#### [Problem to work on]
Copy all of the entries that follow, exactly.

#### [Excerpted data]

------------------------------------------------------------------------

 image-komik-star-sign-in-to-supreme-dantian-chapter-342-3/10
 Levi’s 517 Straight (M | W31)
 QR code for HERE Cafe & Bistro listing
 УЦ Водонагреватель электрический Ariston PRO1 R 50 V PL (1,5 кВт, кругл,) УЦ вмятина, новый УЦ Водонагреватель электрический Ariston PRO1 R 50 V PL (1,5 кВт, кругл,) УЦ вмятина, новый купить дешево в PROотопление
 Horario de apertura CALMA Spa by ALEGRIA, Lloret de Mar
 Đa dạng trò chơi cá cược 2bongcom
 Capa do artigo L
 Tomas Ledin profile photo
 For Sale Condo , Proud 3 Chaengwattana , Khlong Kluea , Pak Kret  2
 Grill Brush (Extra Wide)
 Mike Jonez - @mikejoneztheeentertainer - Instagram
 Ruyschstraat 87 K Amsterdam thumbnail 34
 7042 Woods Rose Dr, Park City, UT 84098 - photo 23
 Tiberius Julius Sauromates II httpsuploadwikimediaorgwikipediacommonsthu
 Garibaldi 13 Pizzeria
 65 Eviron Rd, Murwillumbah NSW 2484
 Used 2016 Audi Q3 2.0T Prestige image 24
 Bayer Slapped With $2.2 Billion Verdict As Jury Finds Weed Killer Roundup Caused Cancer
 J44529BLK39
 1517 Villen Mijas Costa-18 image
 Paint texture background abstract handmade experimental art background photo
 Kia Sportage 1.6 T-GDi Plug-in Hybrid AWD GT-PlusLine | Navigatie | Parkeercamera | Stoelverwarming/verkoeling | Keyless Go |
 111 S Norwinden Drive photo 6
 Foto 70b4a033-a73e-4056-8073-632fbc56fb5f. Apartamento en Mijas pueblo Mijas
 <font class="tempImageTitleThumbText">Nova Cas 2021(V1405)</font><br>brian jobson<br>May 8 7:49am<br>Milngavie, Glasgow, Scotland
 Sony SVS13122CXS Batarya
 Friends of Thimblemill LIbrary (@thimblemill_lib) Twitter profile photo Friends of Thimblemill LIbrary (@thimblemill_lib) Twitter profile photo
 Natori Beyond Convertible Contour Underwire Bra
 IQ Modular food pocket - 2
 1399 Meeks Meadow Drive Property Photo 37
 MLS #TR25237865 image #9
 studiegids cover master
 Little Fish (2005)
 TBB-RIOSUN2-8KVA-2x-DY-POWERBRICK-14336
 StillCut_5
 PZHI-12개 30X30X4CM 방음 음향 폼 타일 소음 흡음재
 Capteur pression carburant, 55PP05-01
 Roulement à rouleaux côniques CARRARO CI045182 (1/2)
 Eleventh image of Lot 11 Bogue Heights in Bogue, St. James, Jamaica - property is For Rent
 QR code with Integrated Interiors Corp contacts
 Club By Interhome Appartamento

------------------------------------------------------------------------

#### [Result for this task]
 image-komik-star-sign-in-to-supreme-dantian-chapter-342-3/10
 Levi’s 517 Straight (M | W31)
 QR code for HERE Cafe & Bistro listing
 УЦ Водонагреватель электрический Ariston PRO1 R 50 V PL (1,5 кВт, кругл,) УЦ вмятина, новый УЦ Водонагреватель электрический Ariston PRO1 R 50 V PL (1,5 кВт, кругл,) УЦ вмятина, новый купить дешево в PROотопление
 Horario de apertura CALMA Spa by ALEGRIA, Lloret de Mar
 Đa dạng trò chơi cá cược 2bongcom
 Capa do artigo L
 Tomas Ledin profile photo
 For Sale Condo , Proud 3 Chaengwattana , Khlong Kluea , Pak Kret  2
 Grill Brush (Extra Wide)
 Mike Jonez - @mikejoneztheeentertainer - Instagram
 Ruyschstraat 87 K Amsterdam thumbnail 34
 7042 Woods Rose Dr, Park City, UT 84098 - photo 23
 Tiberius Julius Sauromates II httpsuploadwikimediaorgwikipediacommonsthu
 Garibaldi 13 Pizzeria
 65 Eviron Rd, Murwillumbah NSW 2484
 Used 2016 Audi Q3 2.0T Prestige image 24
 Bayer Slapped With $2.2 Billion Verdict As Jury Finds Weed Killer Roundup Caused Cancer
 J44529BLK39
 1517 Villen Mijas Costa-18 image
 Paint texture background abstract handmade experimental art background photo
 Kia Sportage 1.6 T-GDi Plug-in Hybrid AWD GT-PlusLine | Navigatie | Parkeercamera | Stoelverwarming/verkoeling | Keyless Go |
 111 S Norwinden Drive photo 6
 Foto 70b4a033-a73e-4056-8073-632fbc56fb5f. Apartamento en Mijas pueblo Mijas
 <font class="tempImageTitleThumbText">Nova Cas 2021(V1405)</font><br>brian jobson<br>May 8 7:49am<br>Milngavie, Glasgow, Scotland
 Sony SVS13122CXS Batarya
 Friends of Thimblemill LIbrary (@thimblemill_lib) Twitter profile photo Friends of Thimblemill LIbrary (@thimblemill_lib) Twitter profile photo
 Natori Beyond Convertible Contour Underwire Bra
 IQ Modular food pocket - 2
 1399 Meeks Meadow Drive Property Photo 37
 MLS #TR25237865 image #9
 studiegids cover master
 Little Fish (2005)
 TBB-RIOSUN2-8KVA-2x-DY-POWERBRICK-14336
 StillCut_5
 PZHI-12개 30X30X4CM 방음 음향 폼 타일 소음 흡음재
 Capteur pression carburant, 55PP05-01
 Roulement à rouleaux côniques CARRARO CI045182 (1/2)
 Eleventh image of Lot 11 Bogue Heights in Bogue, St. James, Jamaica - property is For Rent
 QR code with Integrated Interiors Corp contacts
 Club By Interhome Appartamento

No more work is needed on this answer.